Annex B: Geography of Scotland and implication for the collaborative economy
The geography of Scotland is strongly polarised between relatively few densely populated urban areas, and vast rural areas that are barely inhabited. One third of the population live in four large cities, each home to over 125,000 people, which are clustered in the Central Belt (Glasgow and Edinburgh) and the southern part of the East Coast (Dundee and Aberdeen); another third of the population live in either small towns (less than 10,000 people) or rural areas (less than 3,000).

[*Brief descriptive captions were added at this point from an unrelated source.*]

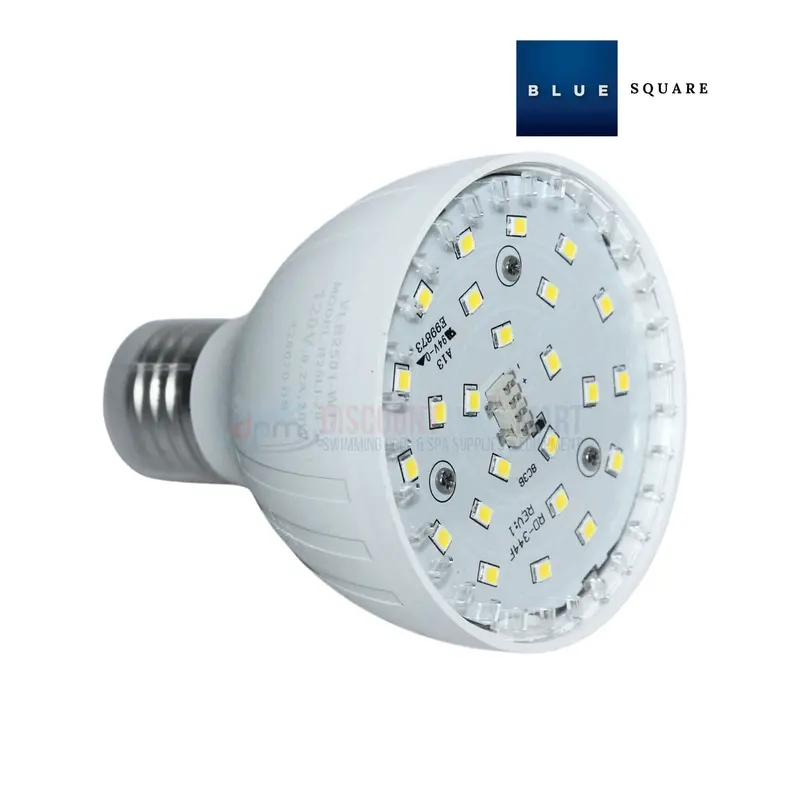 Blue Square Vlb2501-Wt 20W Cool White Led Spa Light Bulb (120V) 1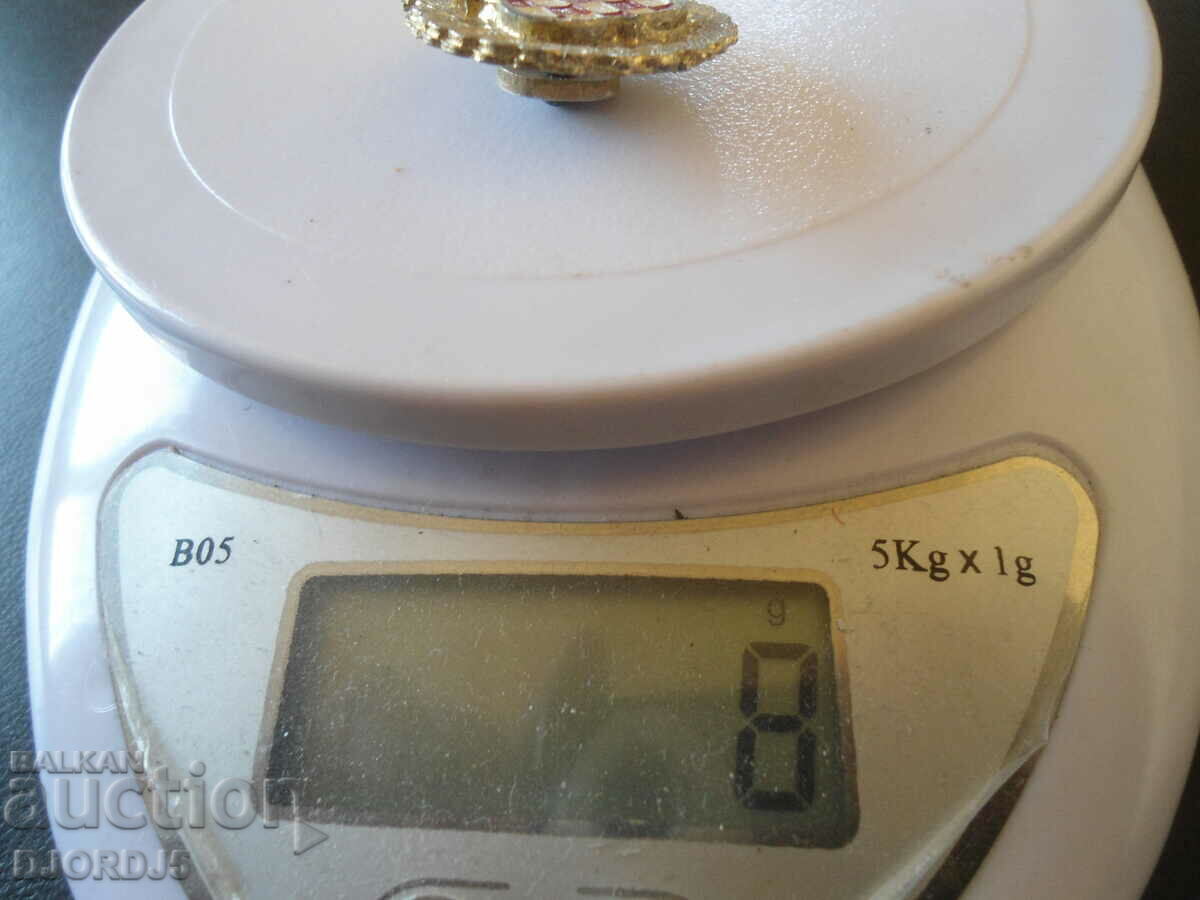 An old badge - 7 An old badge - 7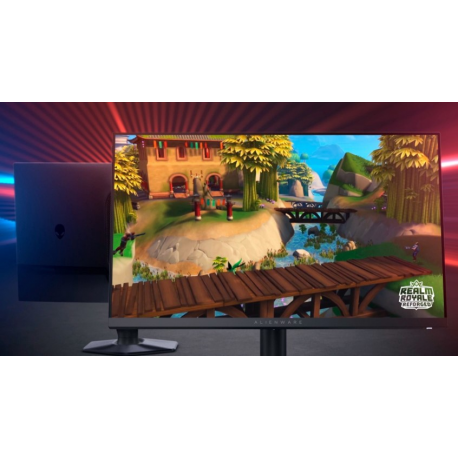 Alienware 27 Gaming Monitor AW2724HF - LED monitor - gaming - 27" (26.96" viewable) - 1920 x 1080 Full HD (1080p) @ 360 Hz - Fast IPS - 400 cd / m² - 1000:1 - HDR10 - 0.5 ms - HDMI, 2xDisplayPort - Dark Side of the Moon - with 3-Year Advanced Exchange Service and Premium Panel Exchange - 4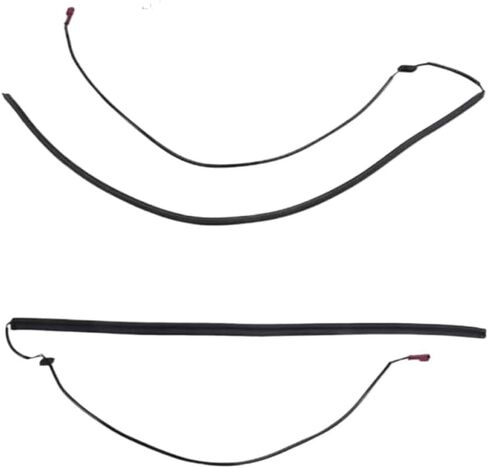 Anti Pinch Door Boot Strips 1 Pair Left Right Compatible with R Class W251 Tailgate Sealing Inductive Strip in Saudi Arabia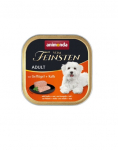 ANIMONDA Vom feinsten pasteed koertele 150 g klassikaline, linnuliha + vasikaliha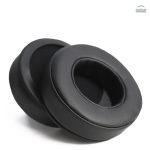 Coussinet Sony MDR-V700 en simili cuir noir premium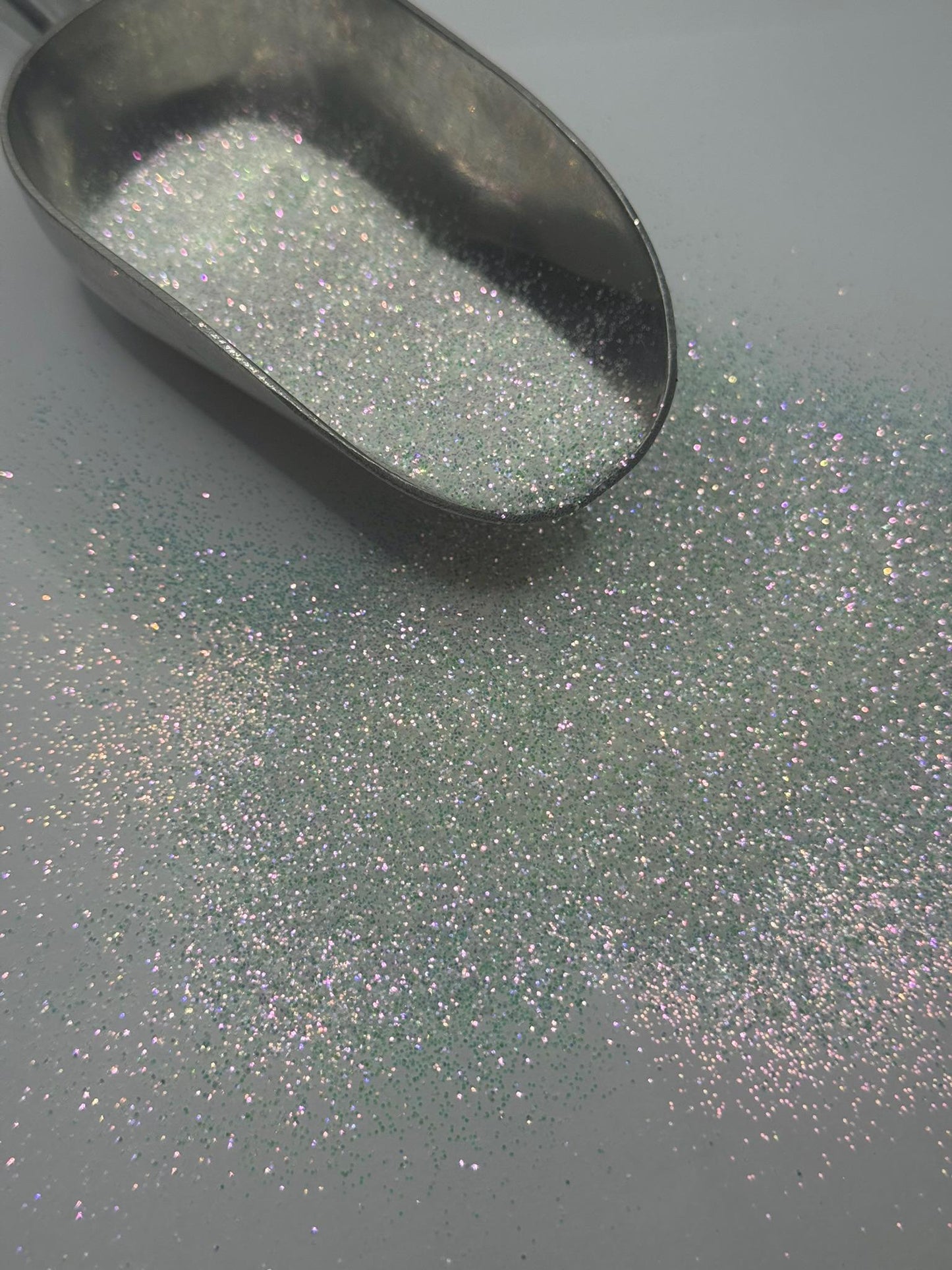 White Holographic Fine Glitter: Polyester Craft Supply "Enchanted"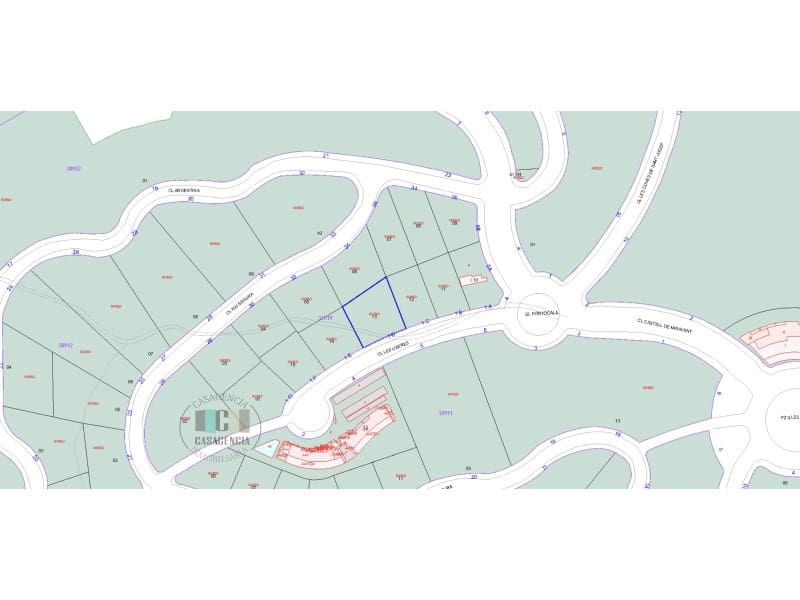 Byggegrund til salg i Oropesa  - € 120.000 (Ref: 9497191)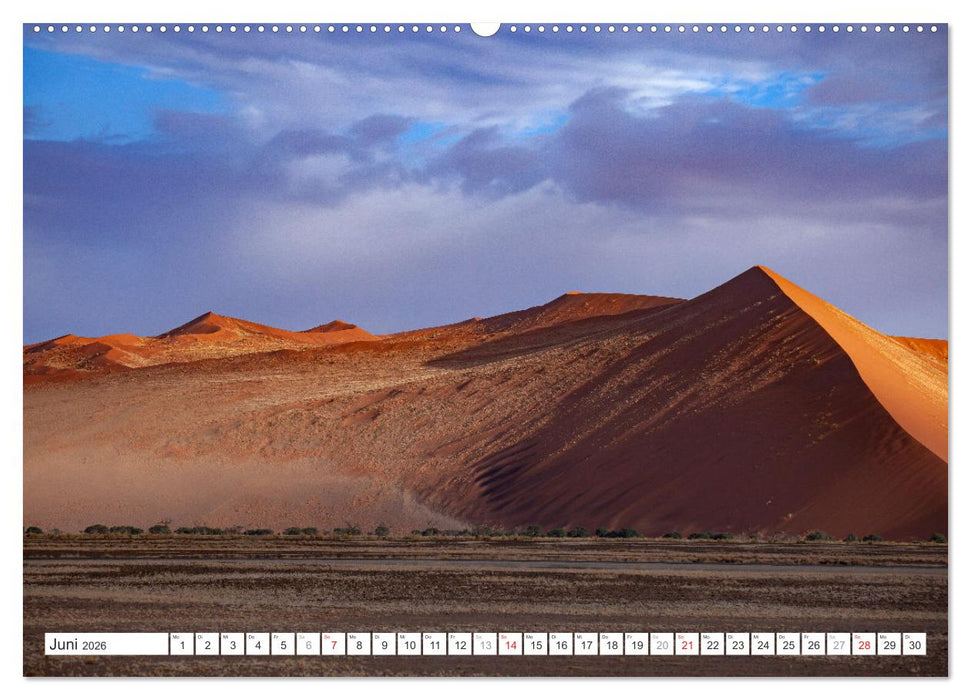 Afrika - Namibia (CALVENDO Premium Wandkalender 2026)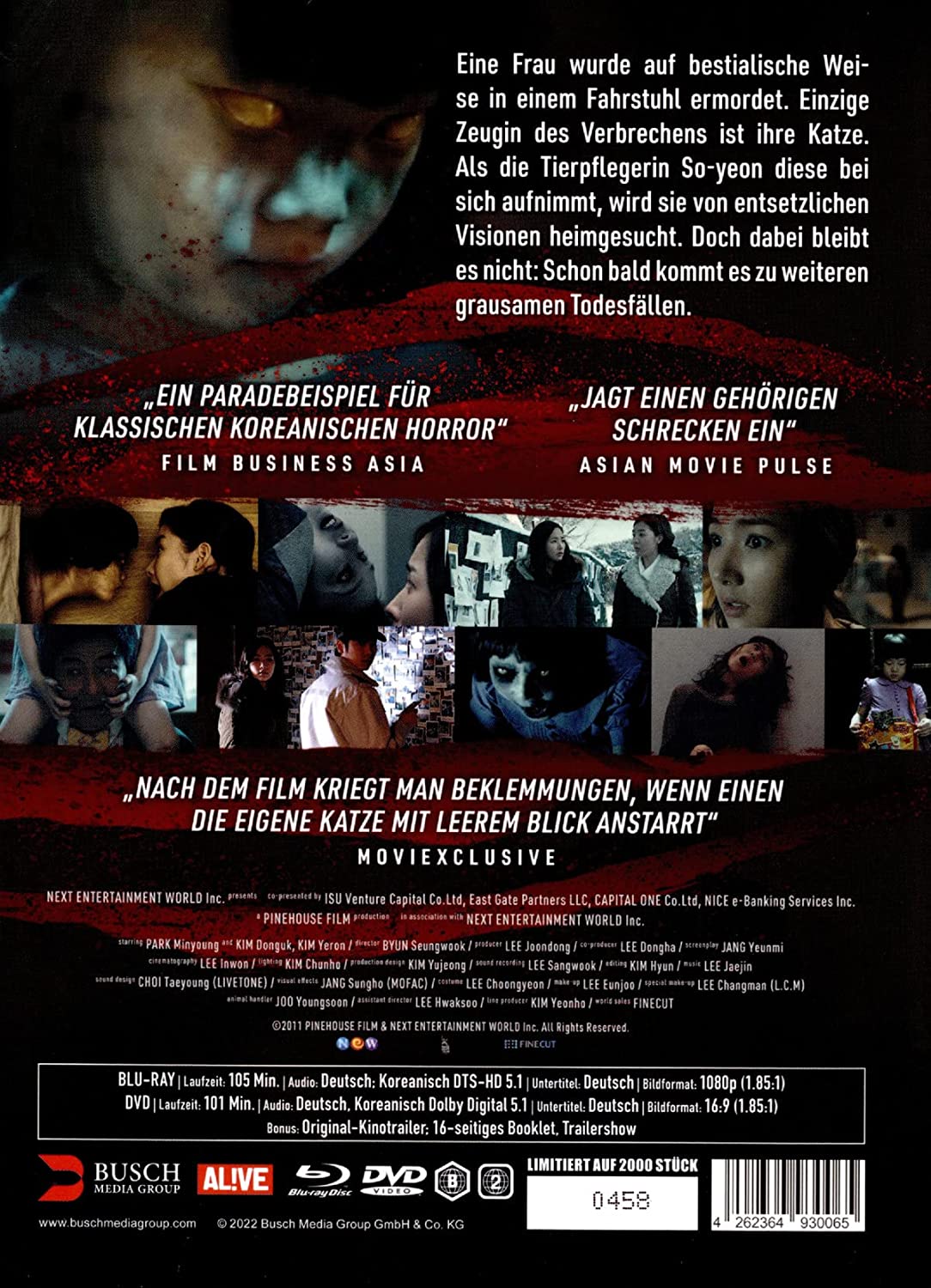 The Cat Mediabook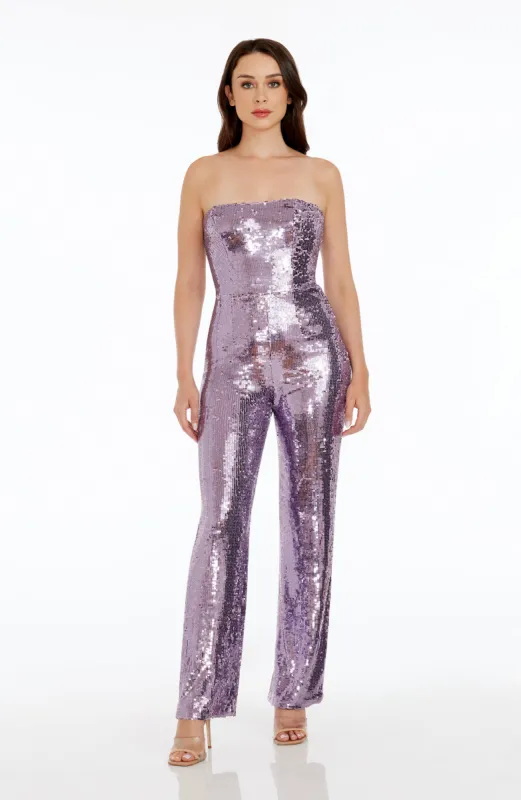 Andy Jumpsuit sold by Dress the Population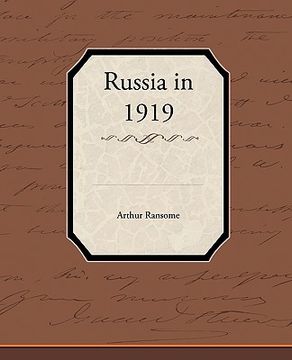 portada russia in 1919 (en Inglés)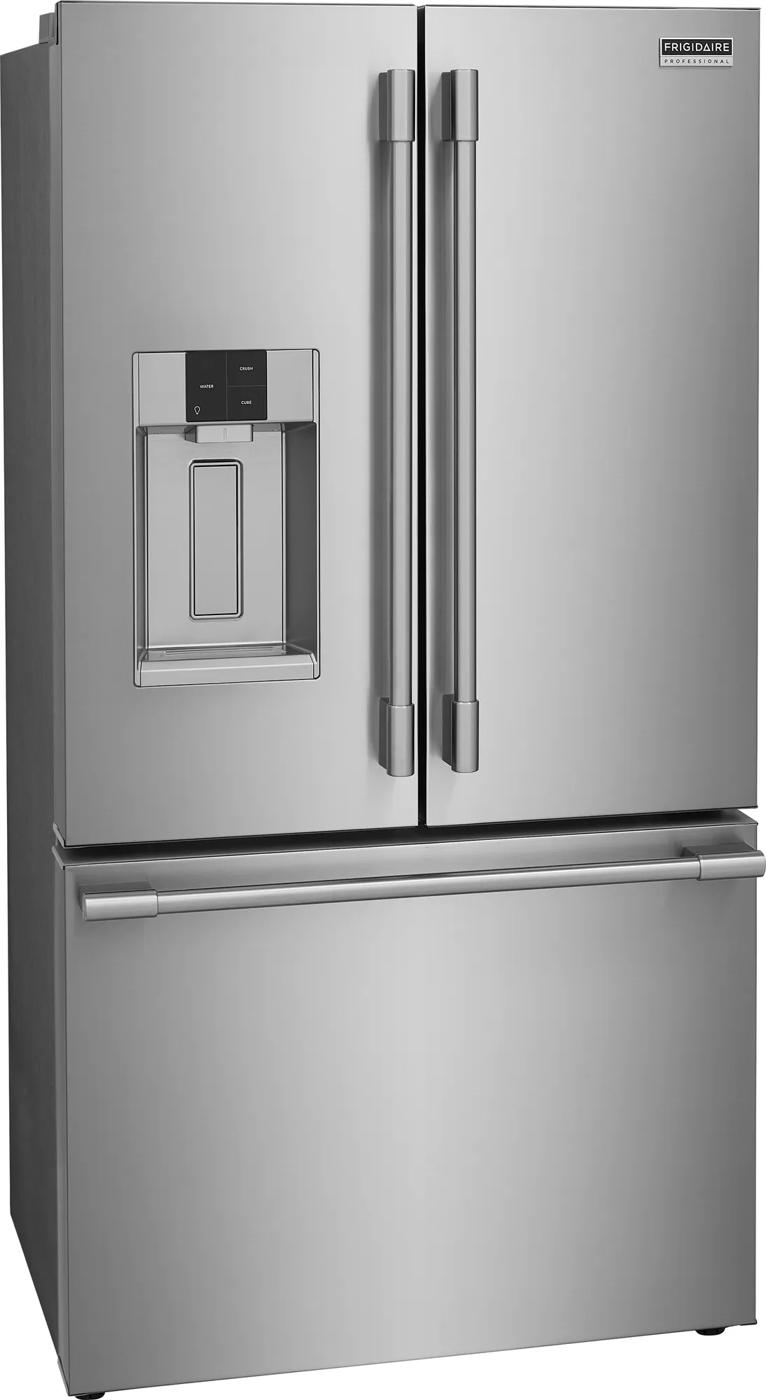 23 Cu. Ft. Counter-Depth French Door Refrigerator Stainless Steel-PRFC2383AF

Overall, urban areas and towns (of any size) account for only 2 per cent of the surface of Scotland, but are home to 82 per cent of its population. Of the remaining 18 per cent living in rural areas, one third face a drive time of over half an hour to reach the closest settlement with a population of at least 10,000.
Figure 4: Distribution of population and land across Scotland
|Large urban areas||35%||0.7%|
|Other urban areas||35%||1.0%|
|Accessible small towns||9%||0.3%|
|Remote small towns||2%||0.1%|
|Very remote small towns||1%||0.1%|
|Urban areas and towns||82%||2.1%|
|Accessible rural areas||12%||27.5%|
|Remote rural areas||3%||28.4%|
|Very remote rural areas||3%||42.0%|
Source: Scottish Government, Urban/Rural Classification, November 2014
Due to the coexistence of large cities and vast rural areas, empowering communities across Scotland to embrace the opportunities and overcome the challenges posed by the collaborative economy is likely to require tailored and localised solutions, rather than a blanket approach, as these opportunities and challenges will be very different in different parts of the country.
The following table provides some additional information on the Scottish population and households, both on a Scotland-wide level and for a small selection of local authorities at the two ends of the urban-rural divide: the two largest cities (Glasgow and Edinburgh), the largest rural area (Highland), and one island (Orkney).
These areas are characterised by very different levels of population density, home and car ownership, connectivity, as well as differences in the predominant house type and size, and this needs to be taken into account when assessing the impact of peer to peer accommodation, transportation, and other sectors of the collaborative economy.